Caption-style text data
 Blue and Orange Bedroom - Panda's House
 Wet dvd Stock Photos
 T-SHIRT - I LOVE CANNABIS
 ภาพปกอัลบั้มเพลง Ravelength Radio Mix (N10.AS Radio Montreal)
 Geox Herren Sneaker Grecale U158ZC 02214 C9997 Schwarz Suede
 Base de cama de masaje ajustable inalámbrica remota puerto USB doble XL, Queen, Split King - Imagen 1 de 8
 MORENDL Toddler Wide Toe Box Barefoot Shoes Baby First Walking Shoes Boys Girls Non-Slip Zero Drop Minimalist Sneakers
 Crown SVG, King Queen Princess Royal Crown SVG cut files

...

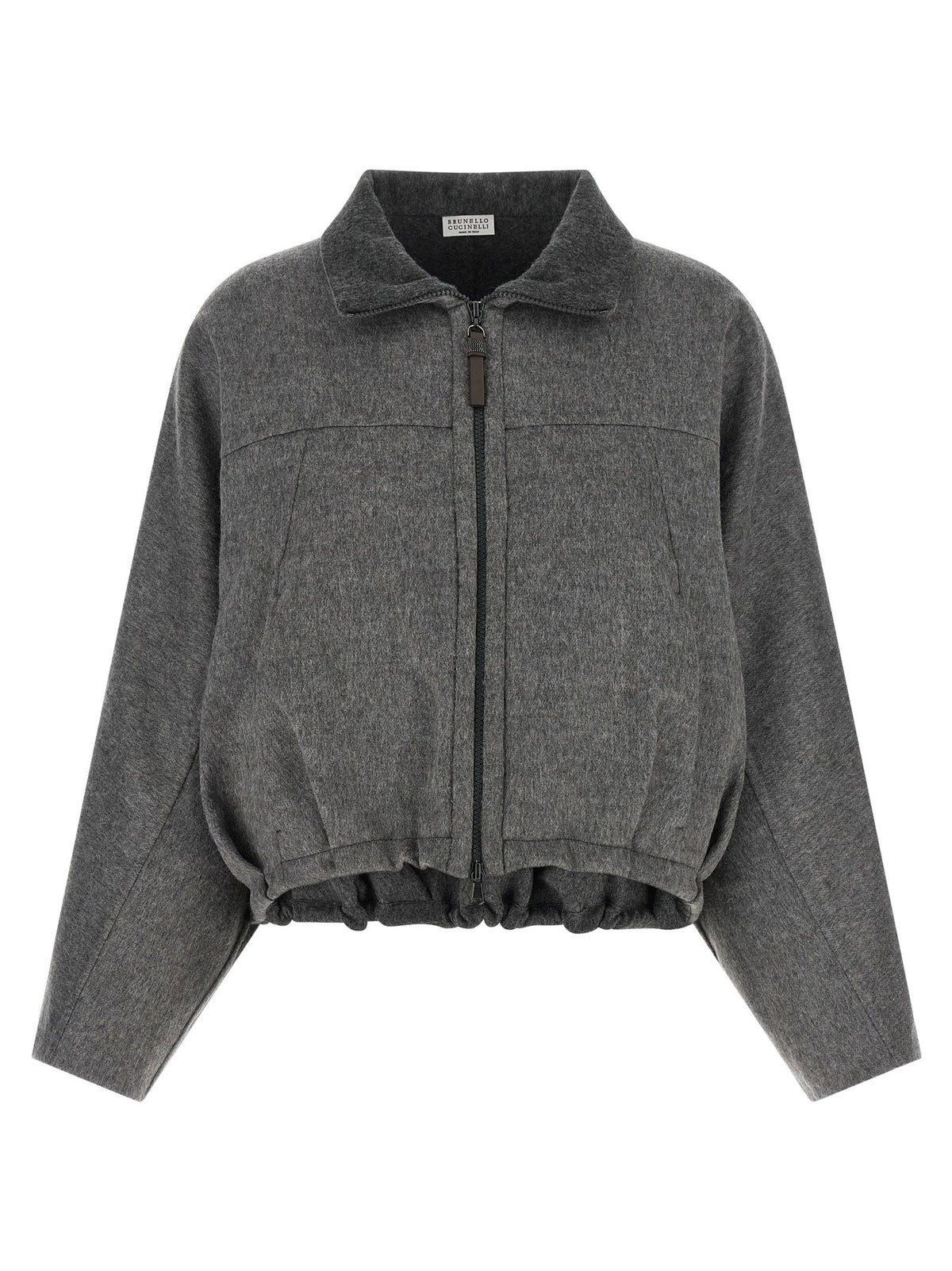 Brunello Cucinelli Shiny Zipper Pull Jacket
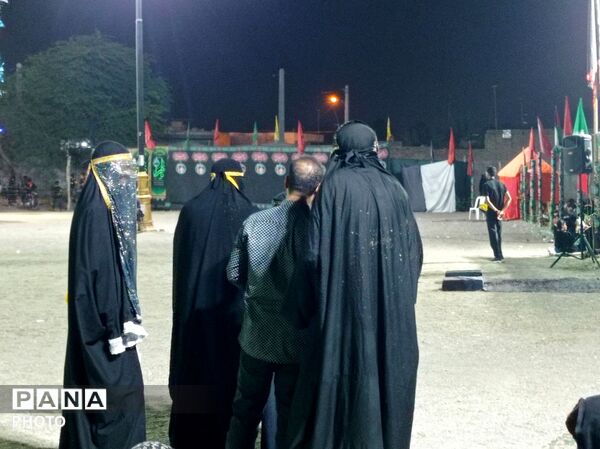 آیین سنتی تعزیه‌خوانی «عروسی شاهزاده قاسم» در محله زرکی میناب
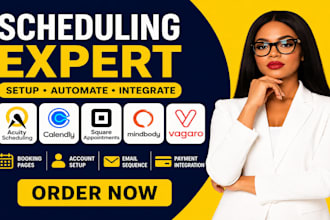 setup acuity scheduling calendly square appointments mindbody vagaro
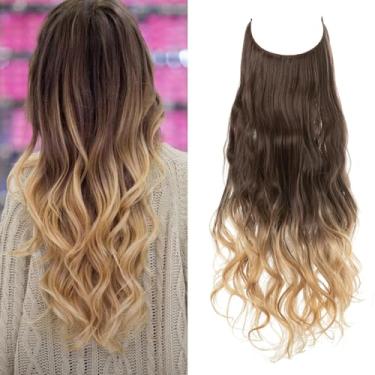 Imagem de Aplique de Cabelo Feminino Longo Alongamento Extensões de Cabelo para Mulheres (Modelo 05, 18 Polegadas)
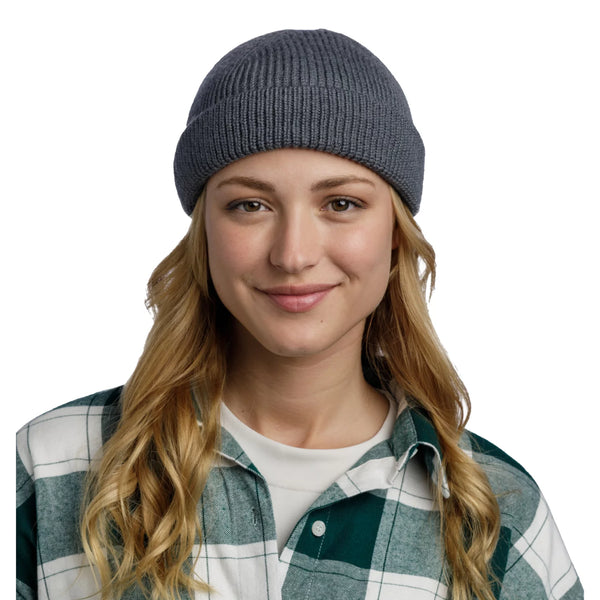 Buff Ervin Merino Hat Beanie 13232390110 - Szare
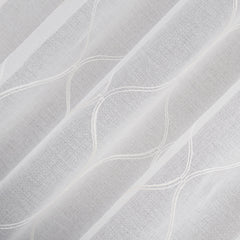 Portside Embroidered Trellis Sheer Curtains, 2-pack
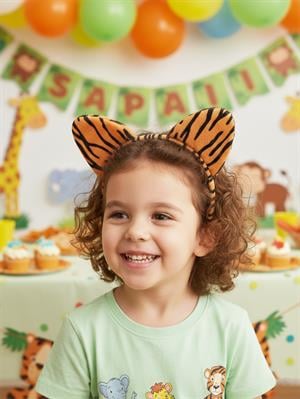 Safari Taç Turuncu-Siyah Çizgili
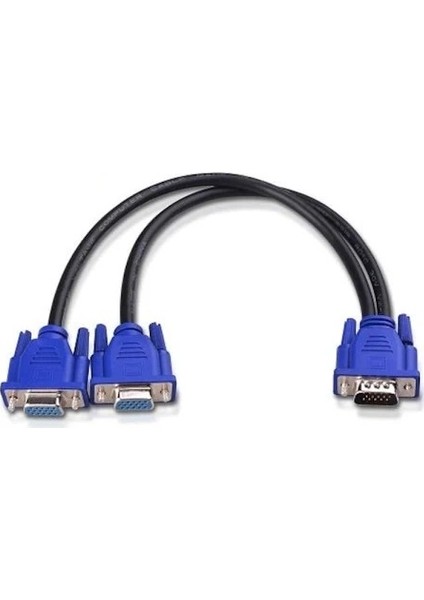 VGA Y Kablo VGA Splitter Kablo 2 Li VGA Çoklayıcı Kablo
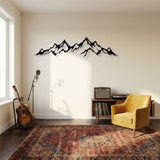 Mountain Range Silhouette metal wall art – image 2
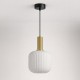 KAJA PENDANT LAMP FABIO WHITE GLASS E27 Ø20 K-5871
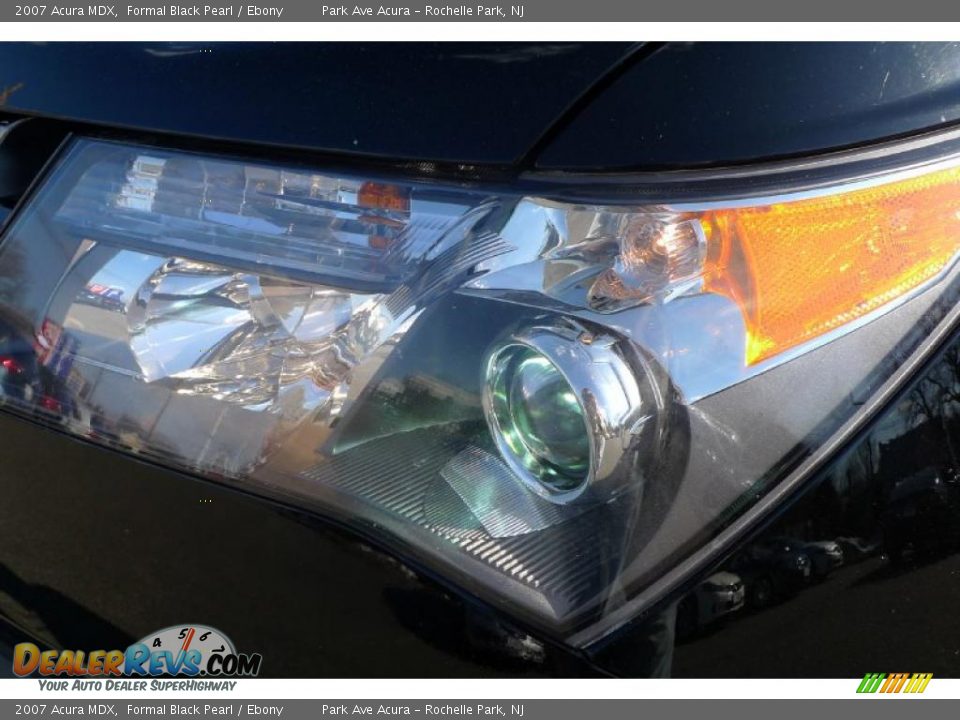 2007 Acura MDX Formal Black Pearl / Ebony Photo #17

_Problem_. Find every line in the records above that contains the word "Queen", and copy each one.

_Solution to this exercise_.
 Base de cama de masaje ajustable inalámbrica remota puerto USB doble XL, Queen, Split King - Imagen 1 de 8
 Crown SVG, King Queen Princess Royal Crown SVG cut files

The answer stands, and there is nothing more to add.